By SCOTT HUNTER HADDOW
The Discover Abitibi technical committee recently completed technical evaluations of 42 submissions for proposals to stimulate mineral deposit exploration within the Abitibi Greenstone belt area between Timmins and Kirkland Lake. The proposals came from within the region and beyond.
The technical committee, comprised of volunteers from the mining sector, has prioritized 19 projects to enter the next phase.
“These projects are well distributed throughout the Abitibi corridor, so there is no one focus on one particular area,” says Dave McGirr, chair of the Timmins Economic Development Corp.
Each proposal was evaluated on a scale of one to 100 in the following categories: technical merit, regional distribution application, implementation and completion capabilities within the Discover Abitibi timeframe. The process also evaluated economic development and knowledge gaps.

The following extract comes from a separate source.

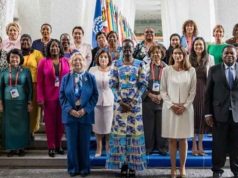 বিশ্বের এইসব দেশে ভারতের চেয়ে সংসদে নারীদের অংশগ্রহণ বেশি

“We had some extremely experienced people on the technical committee evaluating the proposals,” says McGirr.
The 19 projects will form the basis for the funding proposal, which is the next phase.
“You have 19 different ways of looking at the Abitibi corridor using the latest technology. There is absolutely no doubt this is going to produce big for the region,” says McGirr.
The proposal will be submitted to the federal and provincial governments for funding approval. The projects will also require funding from the industry-mining partners, local stakeholders and local municipalities. McGirr expects the application to be ready by the end of the year.
Volunteers, geologists and representatives from the economic development corporations of Timmins and Kirkland Lake deserve praise for their dedication, time and work in the project, says McGirr.
“We are proud of the roles everyone has played in supporting the process,” says McGirr.
The model and approach of the project is critical, according to Christy Marinig, executive director of the Timmins Economic Development Corp.
“It is industry working with community, then working with government, so we get access to what the mining community needs immediately to help them make investment decisions,” Marinig says. “This is a unique model which could be used in other communities across Canada.”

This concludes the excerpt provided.